Please retype exactly the lines from the one containing "Welsh Terrier puppy" through the end of the records, leaving out the pictures.

- - -

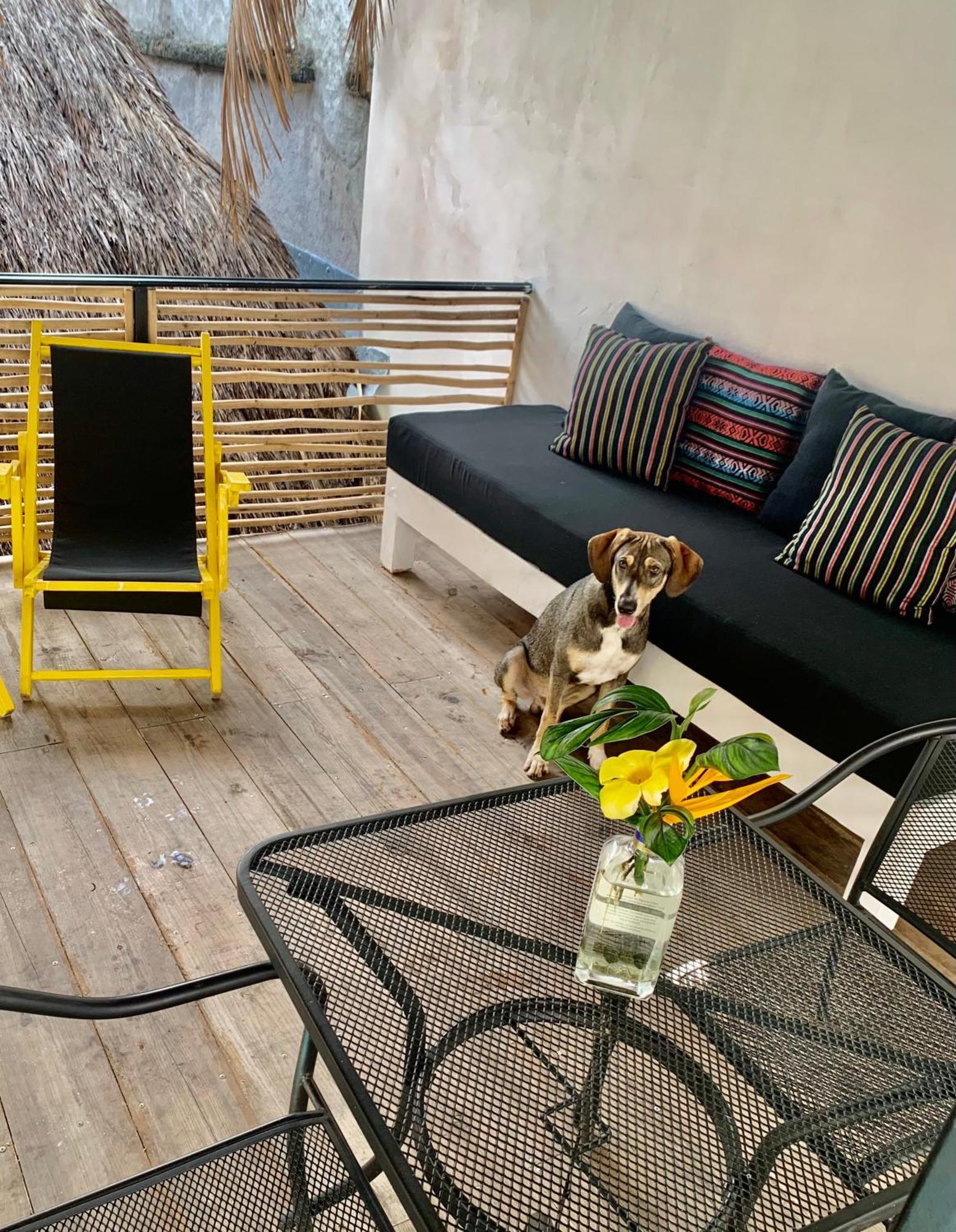 Sayulita Surf Bungalows Exterior photo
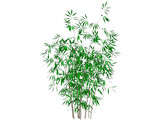 Bamboo 3D Model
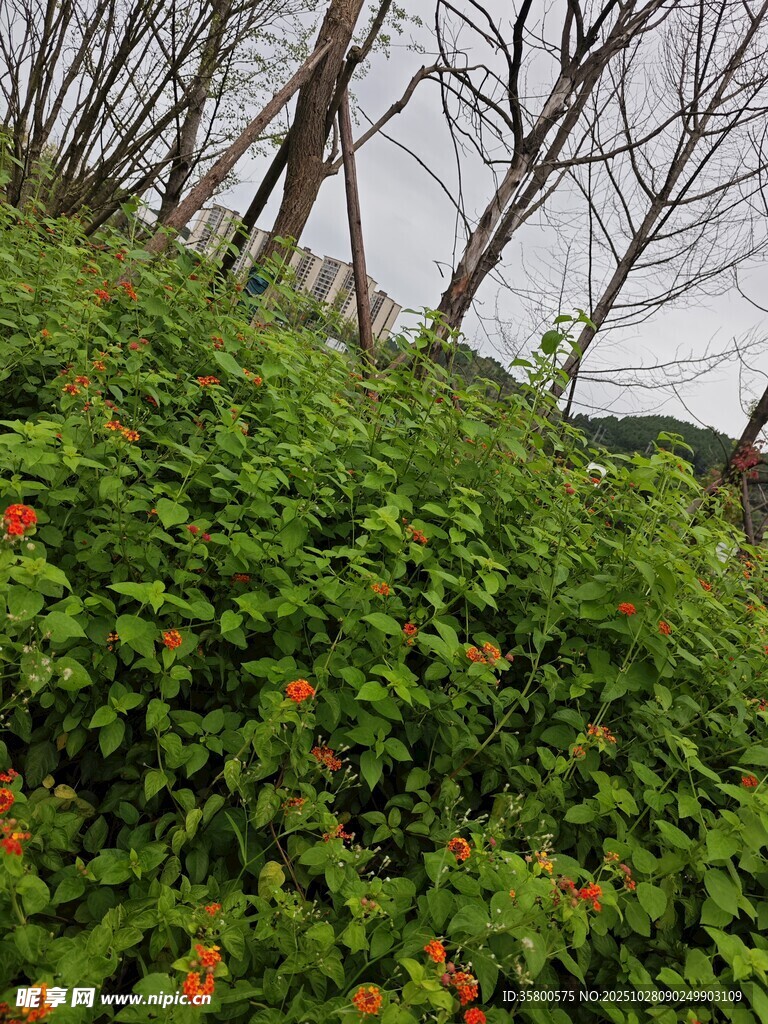 山坡绿植间点缀着红花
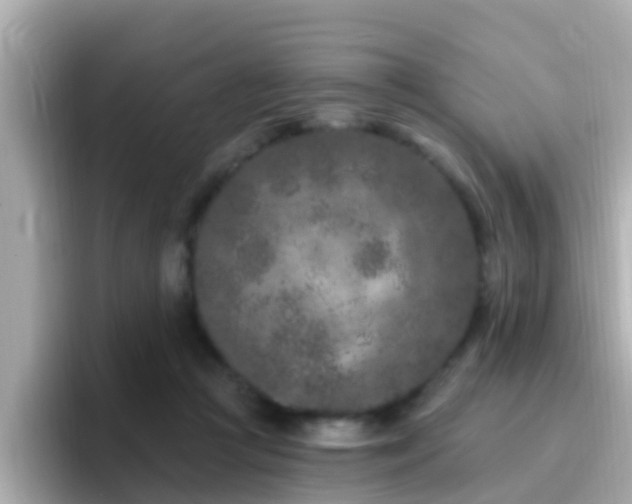 X0000096680361200802121216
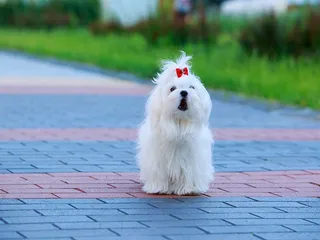 How Aggressive Is a Maltese? Factors, Prevention & FAQ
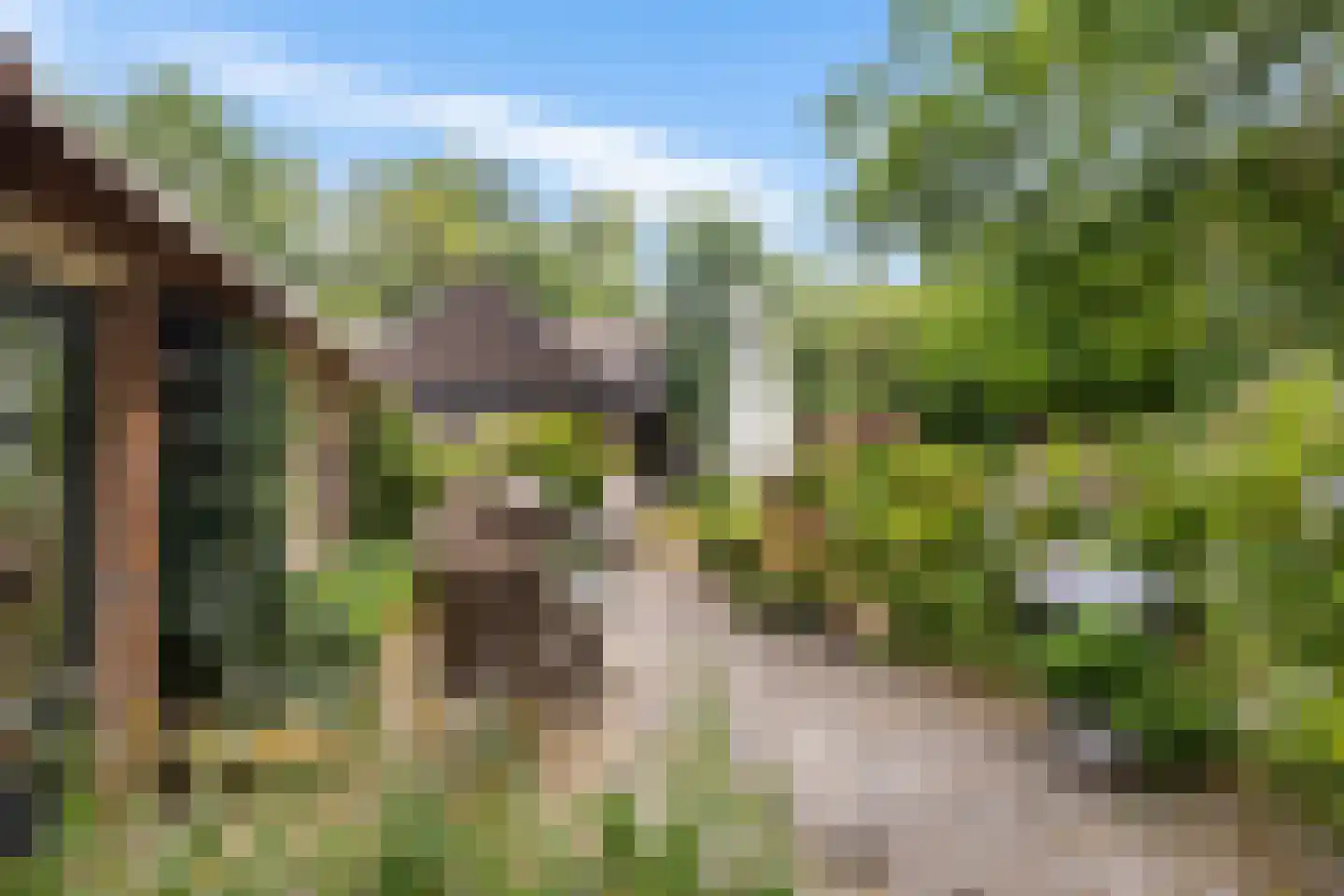 Zwarteweg 7 Gieterveen thumbnail 61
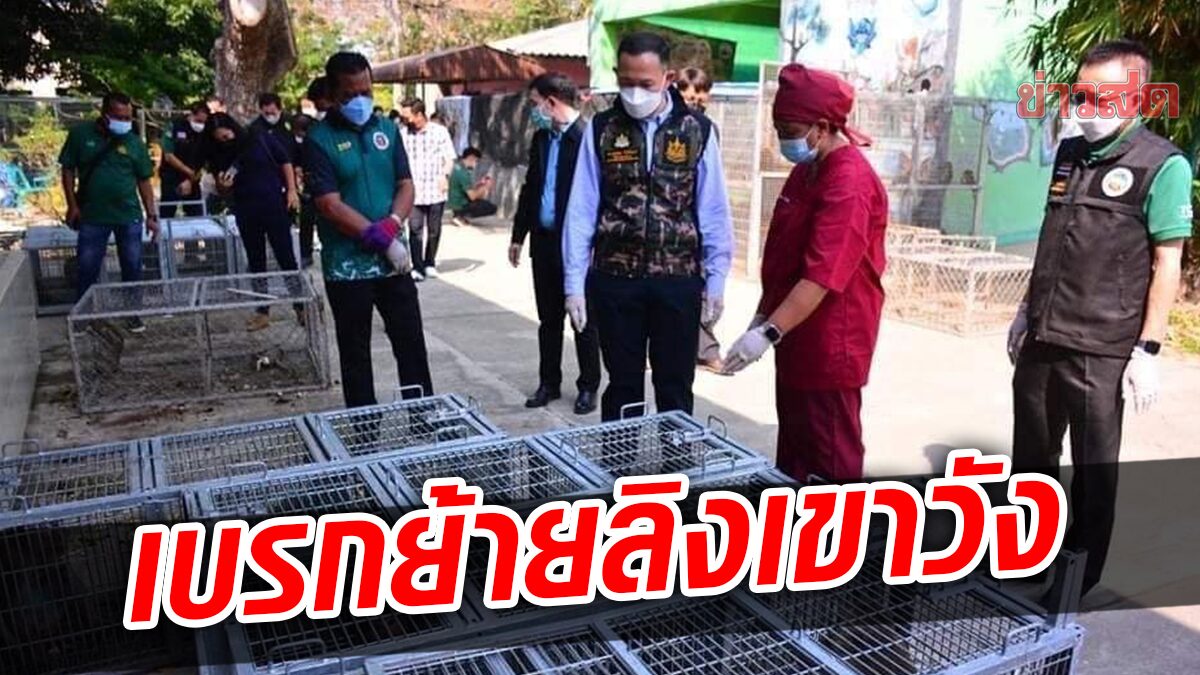 ที่ปรึกษารมว.ทส. เบรกย้ายลิงเขาวัง 'หมอล็อต' ยัน ยังไม่โรคฝีดาษฝูงลิงเมืองไทย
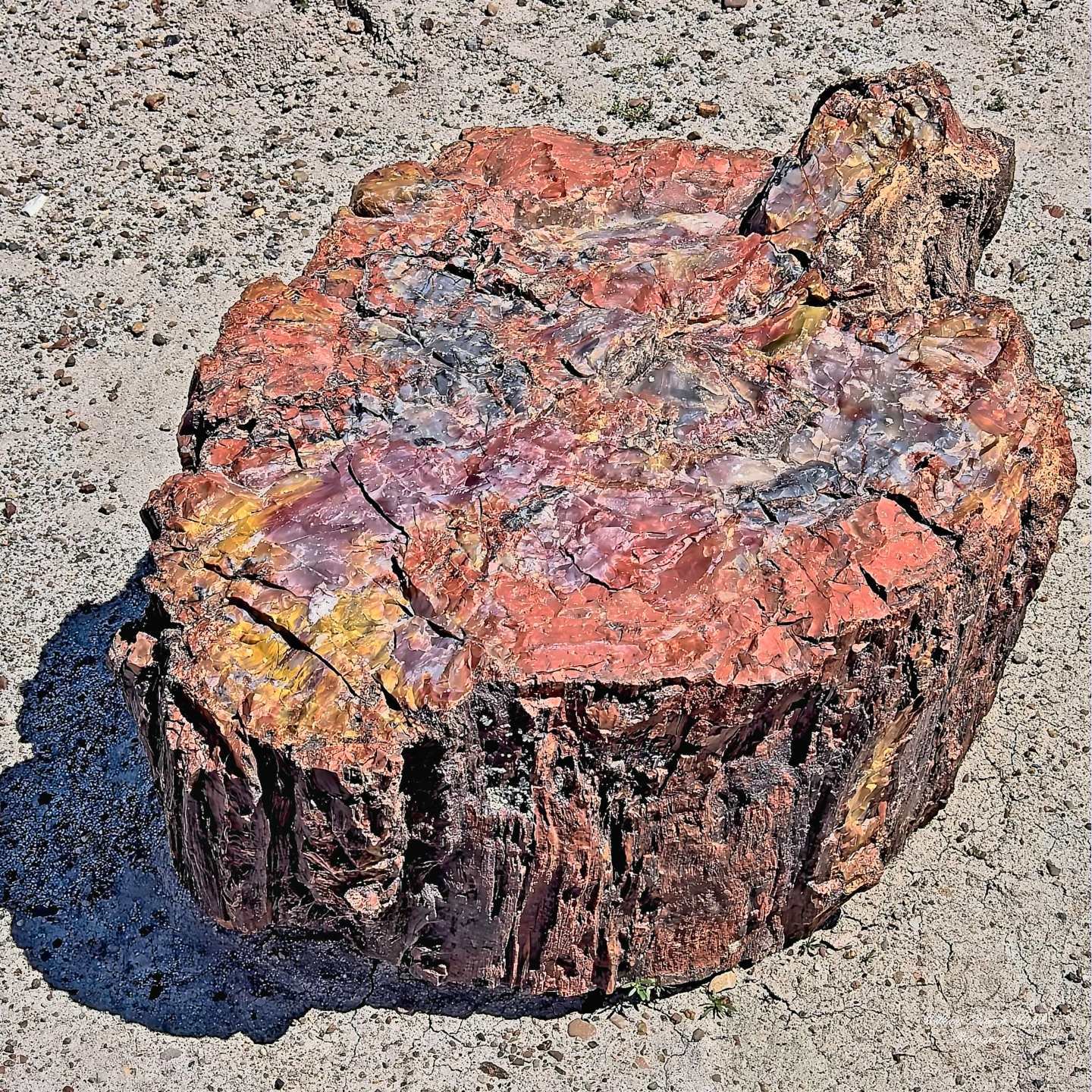 Petrified Wood 4 (12x12)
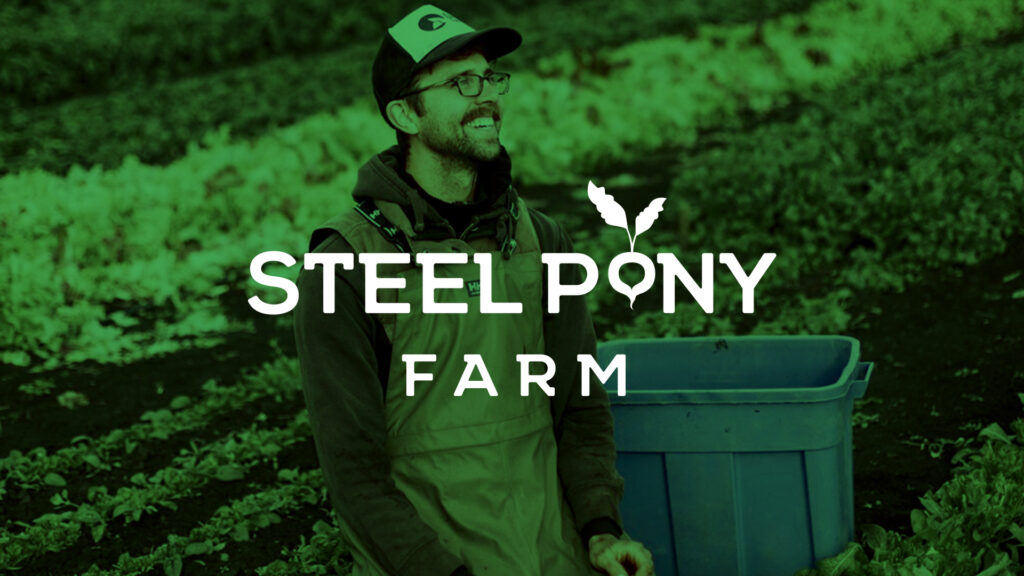 Steel Pony with Reaction Digital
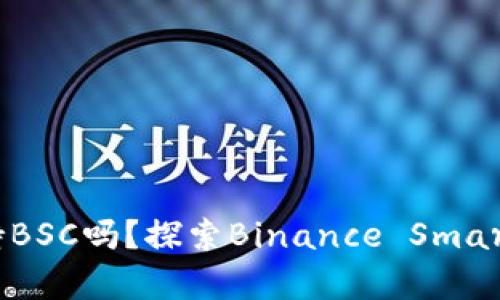 TP桌面版钱包支持BSC吗？探索Binance Smart Chain的兼容性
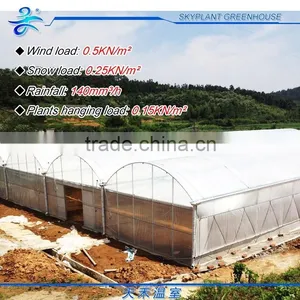 Large 10m Span Multi-Span Plastic Vegetable Greenhouse thumbnail-2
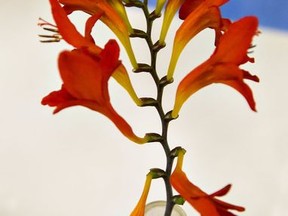 Crocosmia flower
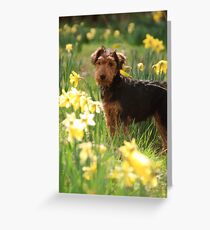 Welsh Terrier puppy amongst daffodils Greeting Card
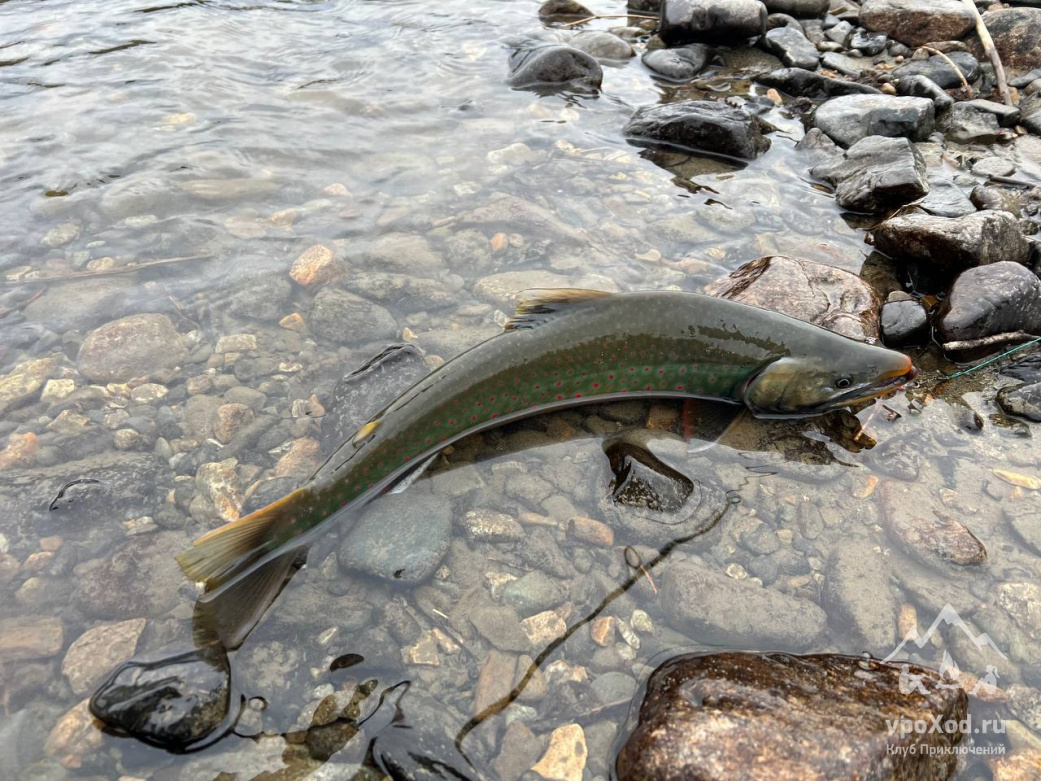  Автор фотографии: Андрей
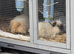 2 male young guineas need home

- - -

◆ **OUTPUT OF THE EXERCISE**
 Welsh Terrier puppy amongst daffodils Greeting Card
  Автор фотографии: Андрей
 2 male young guineas need home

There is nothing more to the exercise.